Avec plusieurs collègues, nous étudions une innovation relativement récente en Afrique de l’Ouest francophone, celle des assurances communautaires à grande échelle avec un soutien de professionnels pour la gestion. En effet, après plus de 20 ans d’expériences, les recherches ont montré que les mutuelles communautaires organisées au niveau des villages et des communes avec une gestion bénévole n’étaient pas une solution, comme nous l’évoquons dans l’ouvrage. Elles couvrent trop de peu personnes et leur stabilité financière est très précaire. Ainsi, depuis quelques années, des pays comme le Mali et le Sénégal se sont engagés (alors que cela avait été proposé il y a très longtemps) dans le développement de mutuelles de santé, où la cotisation reste volontaire (c’est un autre défi !), à l’échelle d’un département/cercle.
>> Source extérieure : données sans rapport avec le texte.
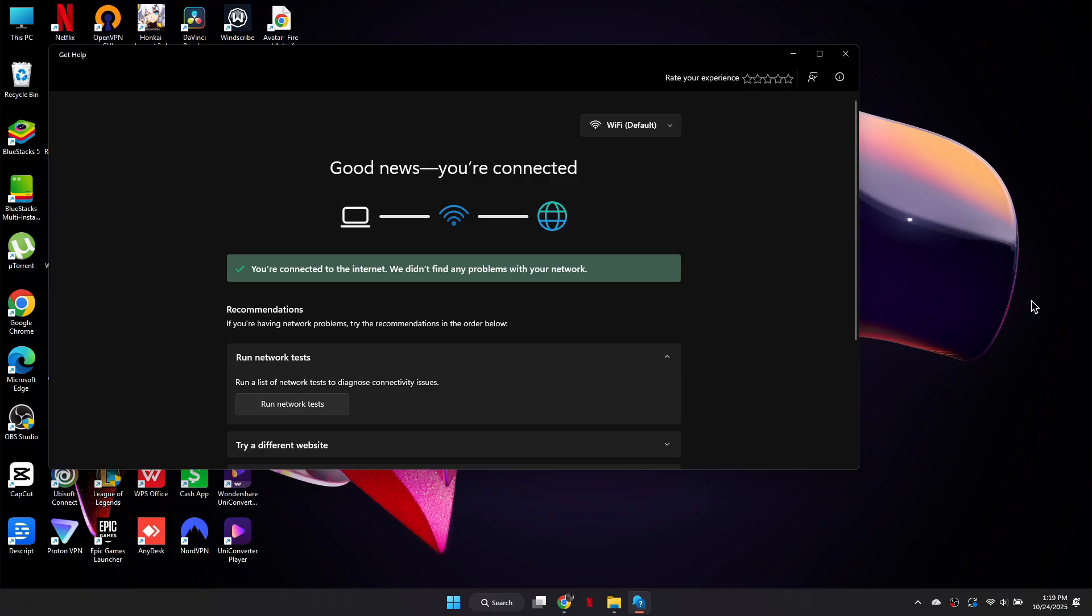So that's basically how you can fix Battlefield 6 packet loss. That's it for this video. Thanks for watching.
De plus, la gestion de ces mutuelles n’est plus laissée à des bénévoles mais réalisée par des professionnels de l’assurance et de la gestion. Les instances de gouvernance continuent d’impliquer les communautés et leurs représentants. Cela pose évidemment des défis concernant la place des communautés et de la démocratie sanitaire qu’il faudra étudier. Par exemple, au Sénégal, nous évoquons dans le livre le fait que deux départements disposent aujourd’hui d’une assurance maladie qui couvre plus de la moitié de leur population, ce qui est un record historique à notre connaissance. Ce modèle, qui s’est montré résilient face à la pandémie de Covid-19, commence à s’étendre dans d’autres départements du Sénégal et il a reçu des délégations du Niger, de la Guinée, de la Mauritanie, montrant son attractivité et son potentiel.
Rendre accessibles les résultats de la recherche
Enfin, cet ouvrage collectif aborde aussi l’enjeu central de l’accès et de l’utilisation de la science. C’est en effet aussi un enjeu scientifique que de produire des connaissances sur la manière dont il est possible de favoriser l’utilisation des données probantes par les acteurs de terrain et les décisionnaires.
Cet objet de recherche est encore rarement abordé en Afrique de l’Ouest. Un chapitre du livre est consacré à ces défis au Burkina Faso et montre comme la science éclaire peu les responsables du ministère de la Santé.
L’un des défis de l’utilisation de la recherche est que cette dernière est la plupart du temps, dans le domaine de la santé, publiée en anglais, ce qui n’en facilite pas l’utilisation par les décisionnaires francophones de l’Afrique de l’Ouest. C’est pour cela que nous avons publié ce livre en français et en accès gratuit. Il n’est pas en vente et quelques copies papier sont actuellement distribuées dans les pays.
De plus, il y a encore beaucoup d’équipes de recherche qui rechignent à s’engager dans un soutien aux politiques publiques et à adapter leurs résultats de recherche pour que ceux-ci puissent nourrir les réflexions des décideurs. Certaines équipes préfèrent attendre que leurs résultats soient publiés dans des revues scientifiques (souvent payantes) en anglais, ce qui peut prendre de nombreux mois et parfois des années, avant de les partager avec les responsables des systèmes de santé concernés.
Il nous reste donc collectivement encore beaucoup de chemin à parcourir pour que les résultats de nos travaux puissent soutenir le développement et les décisions en faveur de la couverture sanitaire universelle en 2030. Nous espérons que cet ouvrage collectif pourra nourrir les réflexions francophones sur le sujet au-delà des idées reçues et des solutions miracles.